### WHAT THE EXERCISE ASKS:
In the data below, find the line containing "Beginners (Revised Edition"; transcribe it and each line after it exactly, through the last, skipping pictures.

(Pictures with short captions)
........
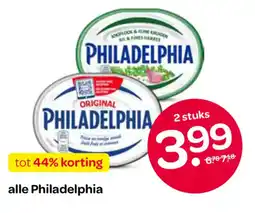 Spar alle Philadelphia aanbieding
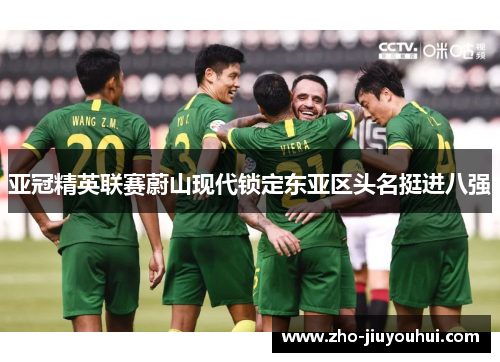 亚冠精英联赛蔚山现代锁定东亚区头名挺进八强 亚冠精英联赛蔚山现代锁定东亚区头名挺进八强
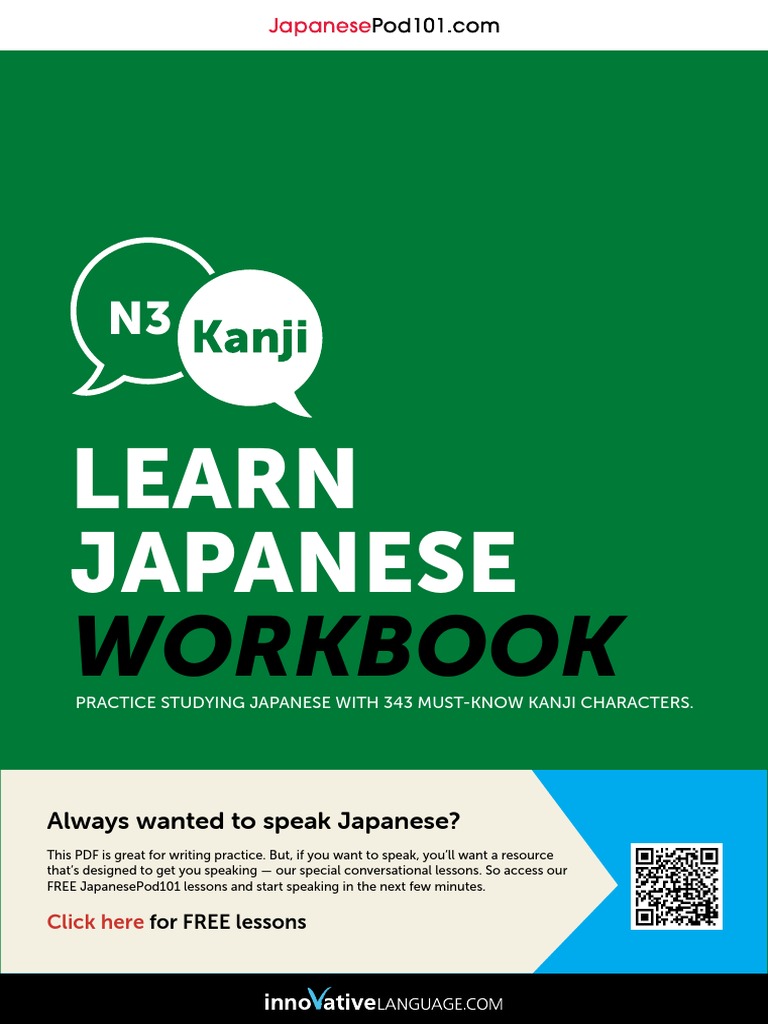 ★値下げ【書き込み無し】KUMON 英語 JI・JⅡ(400枚)＋解答セット Kanji Master N4 - Kanji for Beginners (Revised Edition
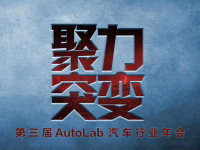 ������ͻ�� ������AutoLab������ҵ���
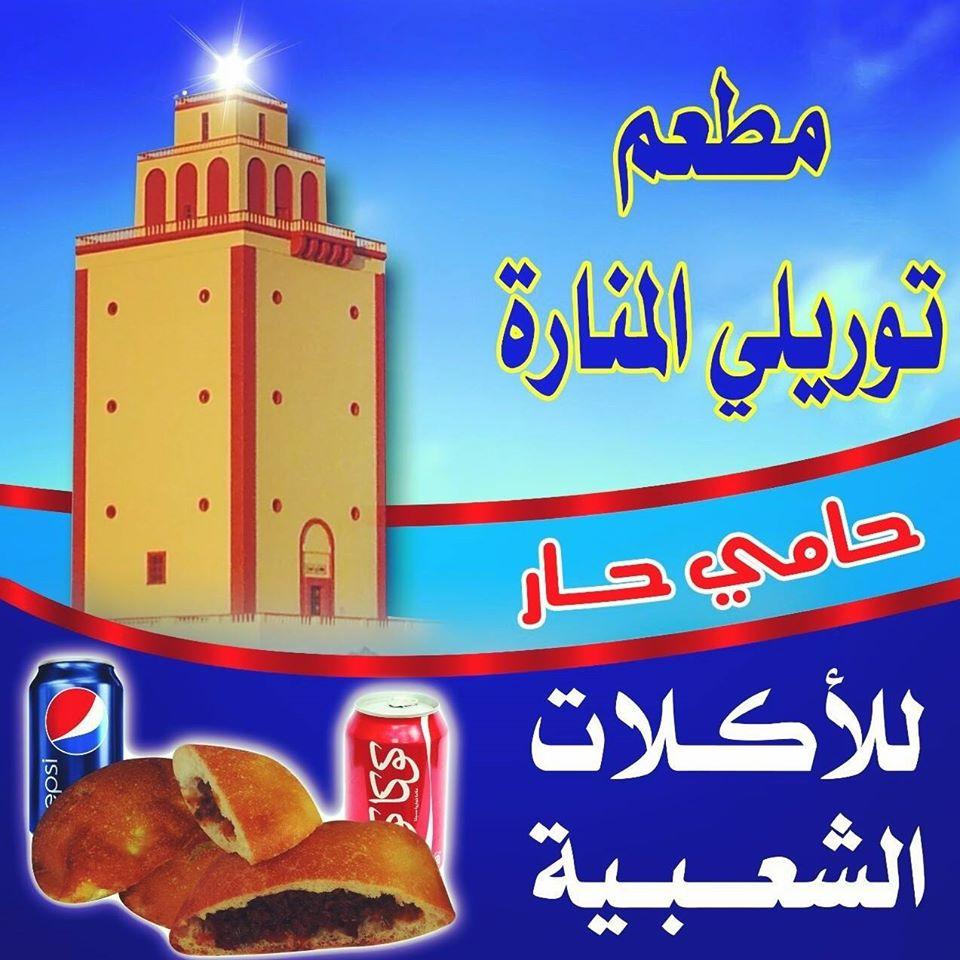 مطعم توريلي المنارة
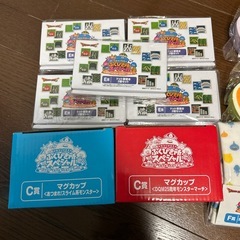 ドラゴンクエスト　  ふくびき所スペシャル 〜モンスターたちとあったか年越しっ！編〜の画像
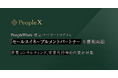 PeopleX、「PeopleWork」 認定パートナープログラム「セールスイネーブルメントパートナー」を募集開始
........
### SOLUTION:
 ★値下げ【書き込み無し】KUMON 英語 JI・JⅡ(400枚)＋解答セット Kanji Master N4 - Kanji for Beginners (Revised Edition
 ������ͻ�� ������AutoLab������ҵ���
 مطعم توريلي المنارة
 ドラゴンクエスト　  ふくびき所スペシャル 〜モンスターたちとあったか年越しっ！編〜の画像
 PeopleX、「PeopleWork」 認定パートナープログラム「セールスイネーブルメントパートナー」を募集開始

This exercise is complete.